WORK INSTRUCTIONS:
Lines from the one containing "Al Thouraya Restaurant" to the end of the records, both ends included and exactly as written, are the whole answer, and no pictures go in it.

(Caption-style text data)
'''
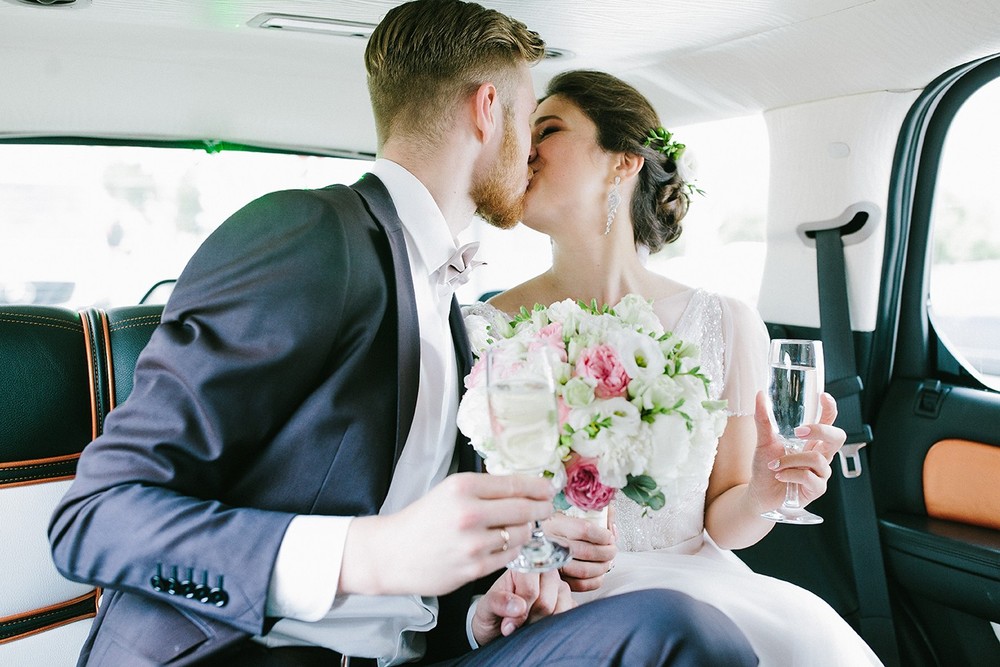 Marina & Alexey
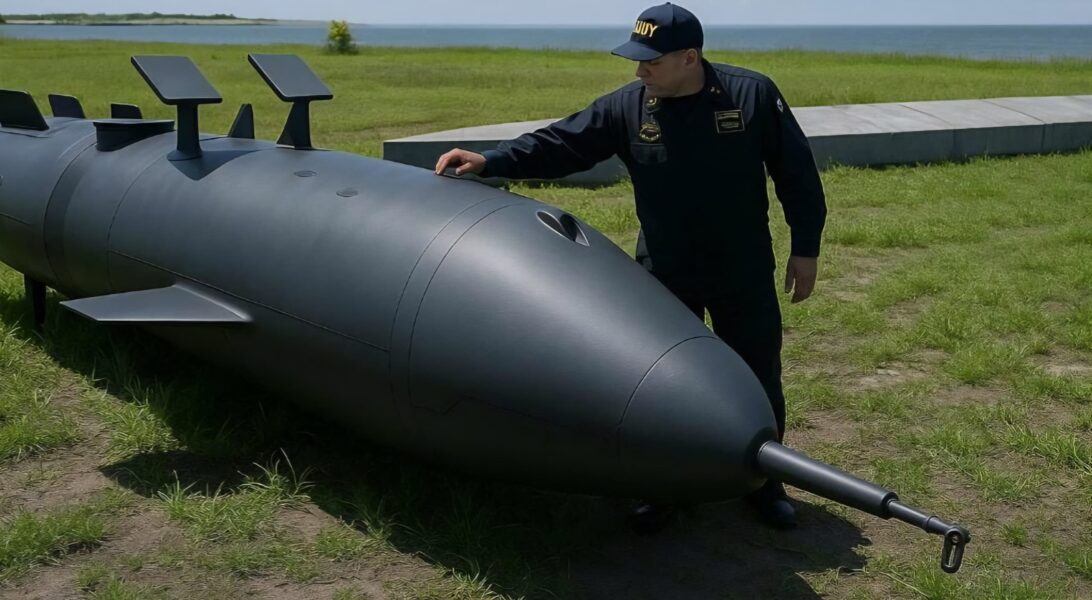 narcodron submarino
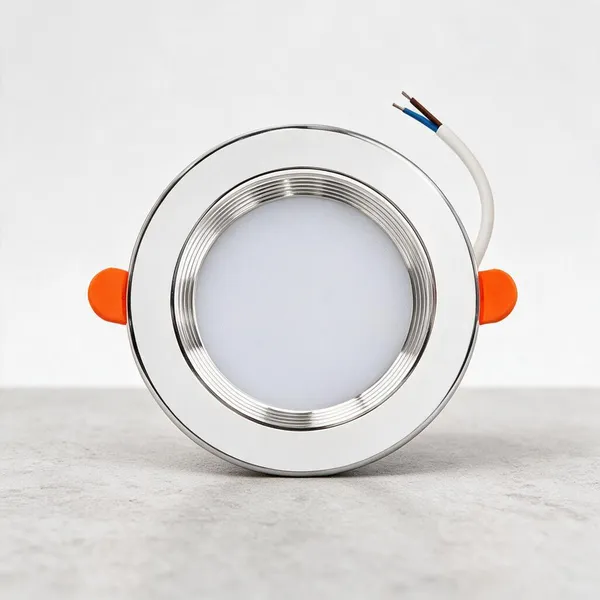 Cool_White_Metal_Led_Light_For_Home_And_Decor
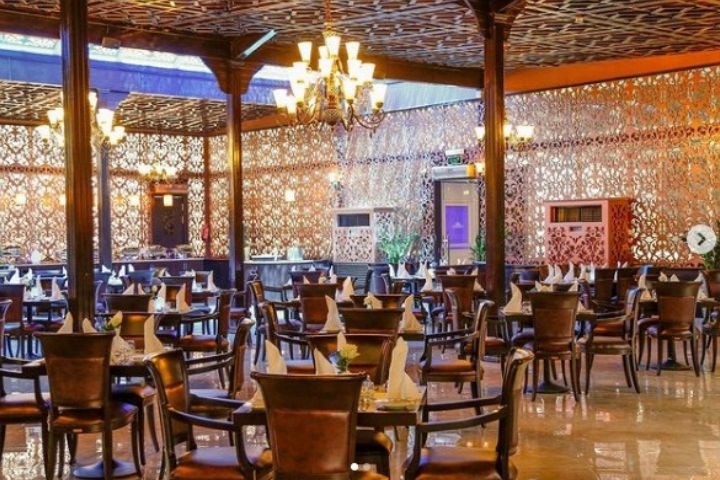 Al Thouraya Restaurant Ezdan Hotel West Bay photo 5
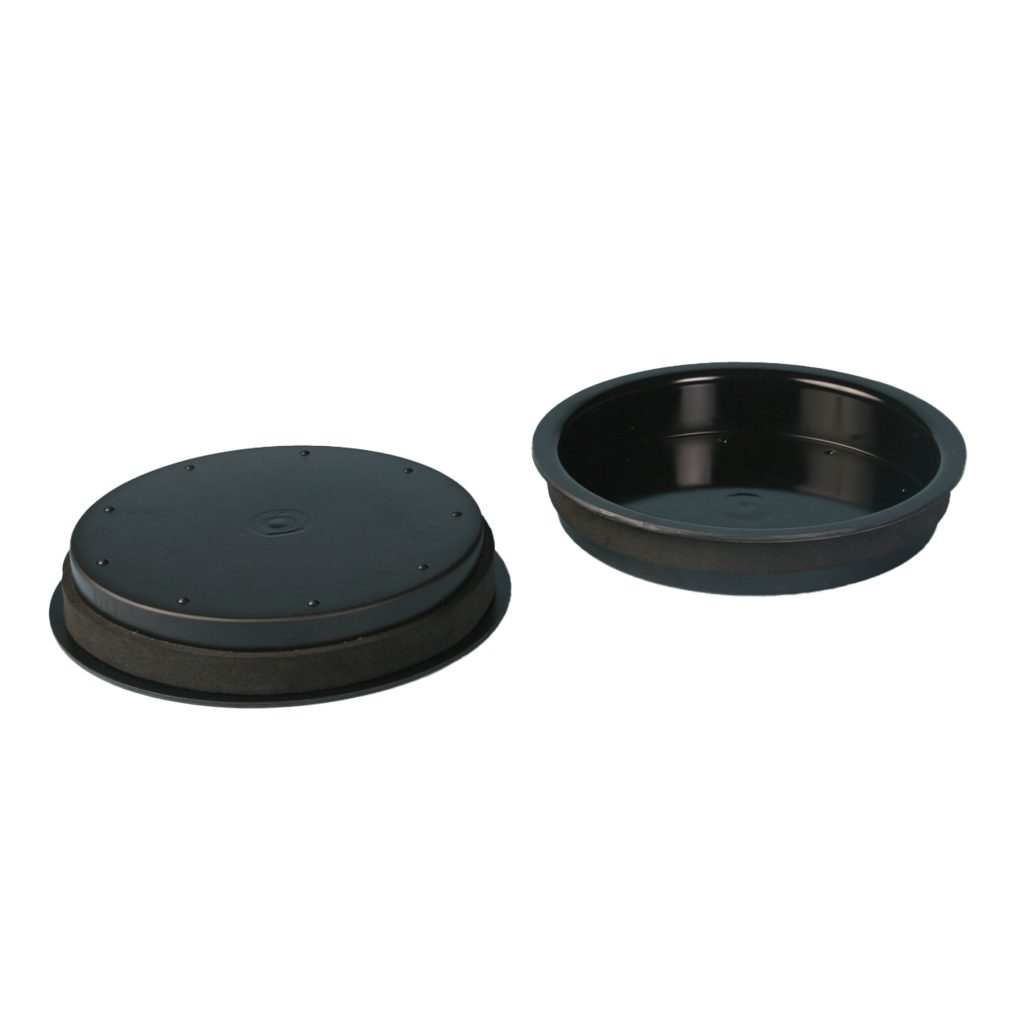 8″ O.D. Glove Box Port Covers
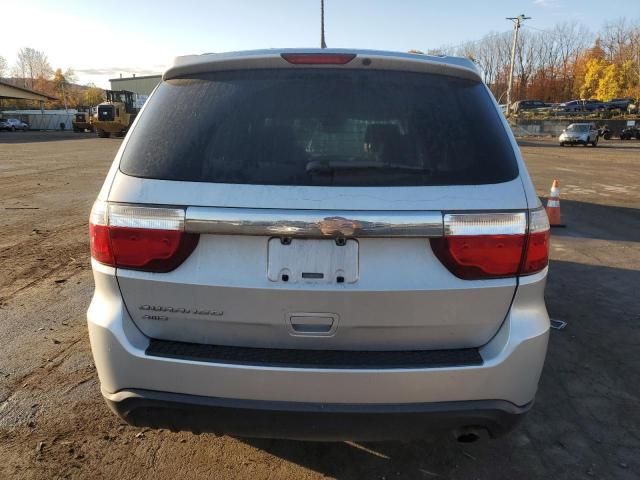 2012 Dodge Durango SXT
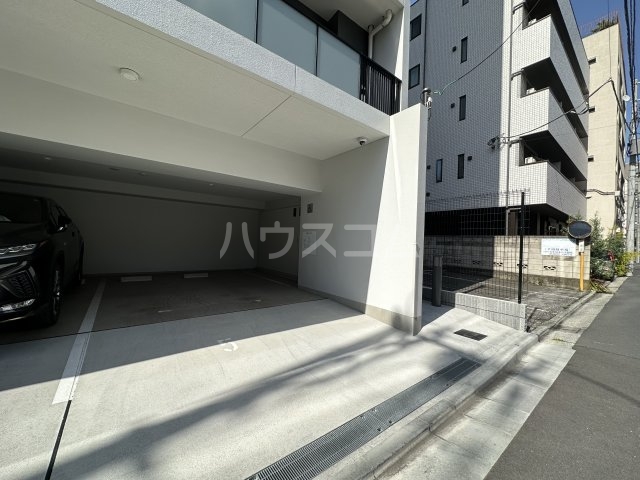 19/26 駐車場
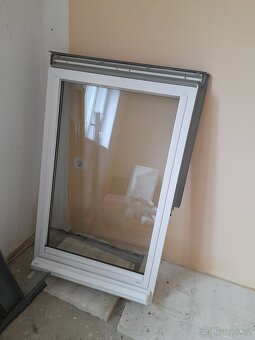 Střešní okna Velux 118 x 78 - 2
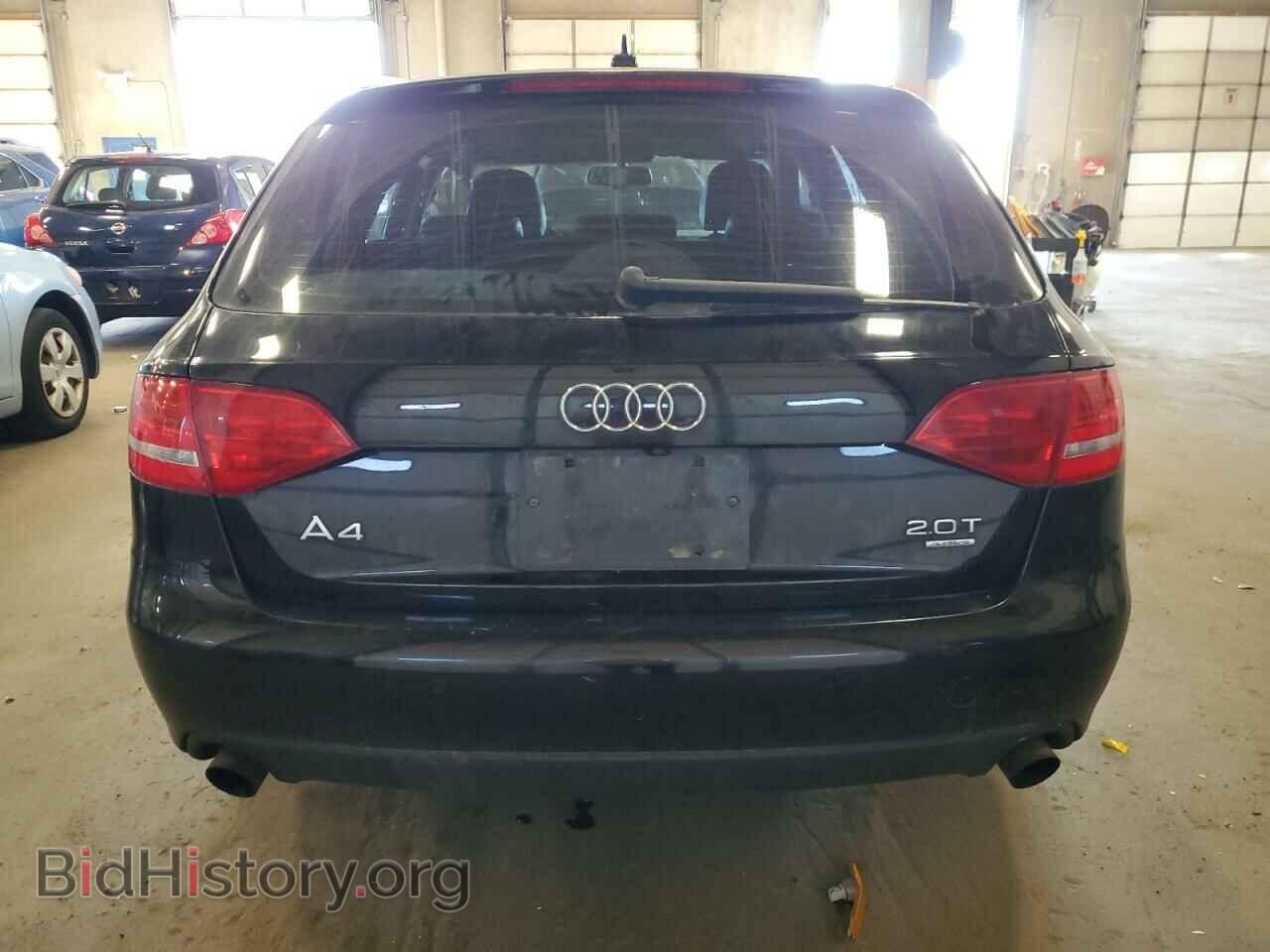 2009 AUDI A4 - VIN: WAUGF78K69A240167 - Photo 6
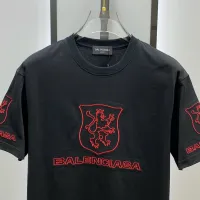 $60.00 USD Balenciaga T-Shirts Short Sleeved For Men #1418297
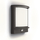 Llambë murale e jashtme Philips Samondra 8720169263710, LED, me sensor lëvizjeje, antracit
'''
RESPONSE TO THIS EXERCISE:
 Al Thouraya Restaurant Ezdan Hotel West Bay photo 5
 8″ O.D. Glove Box Port Covers
 2012 Dodge Durango SXT
 19/26 駐車場
 Střešní okna Velux 118 x 78 - 2
 2009 AUDI A4 - VIN: WAUGF78K69A240167 - Photo 6
 $60.00 USD Balenciaga T-Shirts Short Sleeved For Men #1418297
 Llambë murale e jashtme Philips Samondra 8720169263710, LED, me sensor lëvizjeje, antracit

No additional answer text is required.